WEST GREENLAND GPS ICE DISPLACEMENT NETWORK: This is a collaborative project with Jay Zwally and Konrad Steffen. Over nearly the last two decades a collection of GPS recievers has been deployed on the ice sheet to monitor ice sheet motion in the ablation zone across the equilibrium line (ELA). My group is involved in managing the network and analyzing data to understand longitudinal relationships between changes in surface mass balance (melting, runoff, infiltration) and ice dynamic response. This work is partially supported by NASA 

SEASONAL FLUCTUATIONS IN BASAL LUBRICATION: This is a collaborative project with Ryan Walker. This efforts seeks to quantify seasonal variability in basal lubrication through inversion of summer and winter basal friction over the ablation zone of west Greenland Ice Sheet using the numerical ice sheet model ISSM.

SUPRAGLACIAL LAKES AND ALBEDO: This is a collaborative project with Thomas Mote. This work explores the impact of supraglacial lakes on regional ice sheet surface albedo. We establish that 10% of seasonal variability of summer-time albedo is attributed the collective impact of proliferated lakes in the ablation zone of the Greenland Ice Sheet.


SUPRAGLACIAL HYDROLOGY: Increased surface melt rates along the margins of the Greeland Ice Sheet have accelerated meltwater production, consequently resulting in increased melt infiltration to the bedrock/ice interface. Infiltration is facilitated through drainage of surpaglacial lakes, through fractures and crevasses as well as moulins. Our aim to improve our understanding of the evolving supraglacial environment.

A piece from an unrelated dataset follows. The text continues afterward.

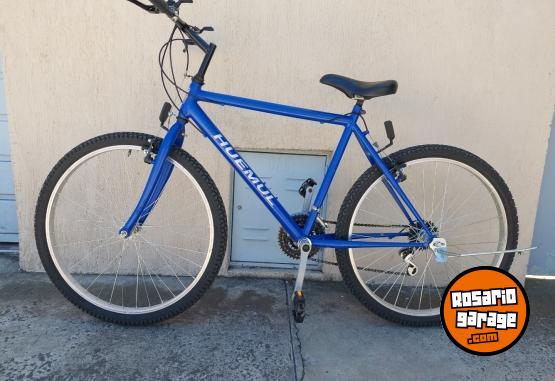 Deportes - Bicicleta mtb 26 - En Venta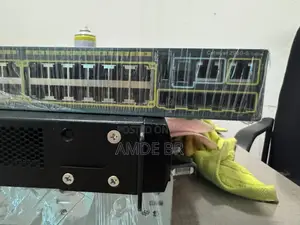 Catalyst 2960-S Series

Our work has quantified the spatial clustering distribution of lakes and linked it to variability in melt production, drainage rates and other components of the supraglacial hydrology.


We also established the impact of subglacial topography on the distribution of lakes and quantified the relationships between lake distributions and ice flow dominated by internal deformation versus basal sliding.

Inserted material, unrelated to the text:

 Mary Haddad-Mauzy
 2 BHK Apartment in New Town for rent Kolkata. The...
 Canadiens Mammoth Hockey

EVOLUTION OF OF ANTARCTIC DRY VALLEY HYDROLOGY: This is a collaborative project with Michael Gooseff. The efforts seeks to understand changes in the Dry Valley's hydrologic system in response to regional warming. We employed collection of surface spectra using a portable spectroradiometer during the 2011 field season. We use high resolution satellite imagery to evaluate snow patch and wetted zone dynamics. Changes in surface moisture are monitored through analytical inversions from satellite imagery. The project was supported under NSF EAGER.

Our team was the first to map and characterize supraglacial channels and establish hydrologic networks responsible for routing surface melt. We established three primary hydrologic networks and their prevalence throughout the ablation zone. These networks drive mass transfer between lakes impacting drainage behavior and supply crevasses and moulins which are the most efficient mechanisms for meltwater injection to the base of the ice sheet.

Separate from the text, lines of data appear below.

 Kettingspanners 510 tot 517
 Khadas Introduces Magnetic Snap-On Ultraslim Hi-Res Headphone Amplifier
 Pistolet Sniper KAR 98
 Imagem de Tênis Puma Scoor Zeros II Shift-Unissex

We are collaborating with Lora Koenig to understand the implications of newly discovered lake subsurface water stored over the winter. We are employing satellite data analysis to corroborate spatio-temporal variability in lakes with observed subsurface water from IceBridge shallow radar data. We are also developing a numerical lake evolution model that will allow us to diagnose conditions responsible for the presence of stored subsurface water. These efforts have been supported under several NASA funded projects.